Comédienne de théâtre, cofondatrice de La Piccola Familia avec Thomas Jolly, Julie Lerat-Gersand a mené des ateliers d'écriture dans des centres maternels et observé ce « mélange désarmant d'adolescence insouciante et de responsabilité parentale ». Cela lui a inspiré son premier film, qu'elle a voulu au plus près du réel. Voici Camille (Pili Groyne), 16 ans, enceinte, qui nie sa situation, peu aidée par une mère aimante mais toxique et donc envoyée dans un centre maternel. Tout y est très difficile, même pour l'expérimentée éducatrice qui la prend en charge (Romane Bohringer, pour qui le rôle a été écrit), désabusée par le manque de moyens. C'est filmé au centre de la tourmente, avec des cris, des désespoirs, mais aussi des rires et des joies quasi enfantines. Prenant.
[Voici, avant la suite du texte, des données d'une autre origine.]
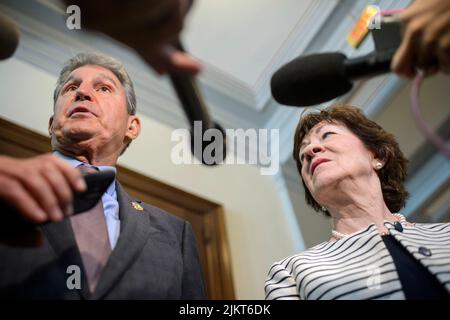 Washington, Vereinigte Staaten . 03. August 2022. Senator Joe Manchin, D-WV, und Senatorin Susan Collins, R-ME, sprechen mit der Presse, nachdem sie während einer Anhörung im Senat über die Reform des Electoral Count Act am Mittwoch, dem 3. August 2022, im US-Kapitol in Washington, DC, gesprochen haben. Foto von Bonnie Cash/UPI Credit: UPI/Alamy Live News Stockfoto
* « The Son », de Florian Zeller (le 1er mars)

Avec « The Son », son deuxième film, après « The Father », également adapté (avec Christopher Hampton) de l'une de ses pièces de théâtre, Florian Zeller a voulu explorer « l'énigme de la souffrance psychique ». Avec un sujet, la dépression adolescente, d'autant plus important que, « depuis la pandémie, il y a comme une épidémie de fragilité psychique chez les plus jeunes » et que, « en France, seulement un tiers des personnes qui souffrent psychiquement sont accompagnées ». Pour inviter « à regarder la situation frontalement », le dramaturge cinéaste imagine un père divorcé, à nouveau en couple et avec un bébé, confronté à son fils de 17 ans en crise. Il se pense coupable, et en voulant réparer, va prendre de mauvaises décisions. L'origine théâtrale de l'histoire se sent davantage qu'avec « the Father », avec une dramatisation par moments un peu pesante, qu'imposait sans doute le sujet. Mais Hugh Jackman, qui a sollicité le rôle, fait parfaitement partager les interrogations, les angoisses, la culpabilité de ce père qui ne sait comment aider son fils. Tandis que le jeune Zen McGrath joue bien des humeurs changeantes, jusqu'au désespoir total, de l'adolescence. Qu'on ait ou non été confronté à ce type de problèmes, on comprend mieux les ressorts de cette souffrance et de celle d'un parent culpabilisé et impuissant.
 

« La Syndicaliste », de Jean-Paul Salomé (le 1er mars)

Le réalisateur de « la Daronne » signe un thriller politico-économique qui paraîtrait invraisemblable si on ne le savait inspiré de faits réels, comme c'est de plus en plus souvent le cas dans le cinéma contemporain – pour le meilleur, comme ici, ou pour le moins bon… En l'occurrence, d'après le livre du même titre publié en 2019 par la journaliste Caroline Michel-Aguirre, de l'histoire de Maureen Kearney, déléguée CFDT chez Areva, lanceuse d'alerte en 2012, pour son malheur. On n'en dira pas plus pour ne pas gâcher le plaisir du suspense, pour ceux qui n'auraient pas suivi cet imbroglio auquel sont mêlés notamment les dirigeants d'Areva et d'EDF et des politiques hauts placés. La véracité psychologique du récit étant renforcée par une dimension intime un peu plus inventée. Jean-Paul Salomé retrouve Isabelle Huppert, avec laquelle il s'était très bien entendu pour « la Daronne ». Faut-il préciser que l'actrice est à son affaire et particulièrement convaincante ? Grégory Gadebois, le fidèle mari, Marina Foïs, Yvan Attal, Pierre Deladonchamps, Pierre-Xavier Demaison lui donnent la réplique.